* [WHAT IS EXPECTED]
Could the listing below be returned exactly, with its pictures left out?

* [THE DATA]

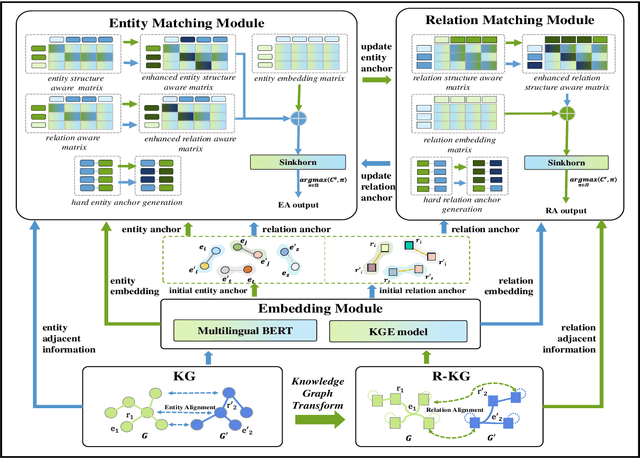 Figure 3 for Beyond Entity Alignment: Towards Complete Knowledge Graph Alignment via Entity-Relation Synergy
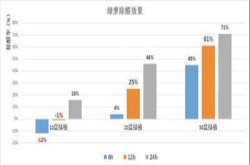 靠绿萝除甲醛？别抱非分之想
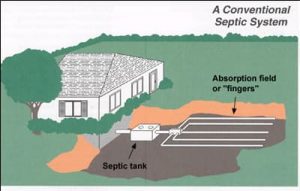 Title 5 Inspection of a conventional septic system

* [ANSWER TO THE EXERCISE]
 Figure 3 for Beyond Entity Alignment: Towards Complete Knowledge Graph Alignment via Entity-Relation Synergy
 靠绿萝除甲醛？别抱非分之想
 Title 5 Inspection of a conventional septic system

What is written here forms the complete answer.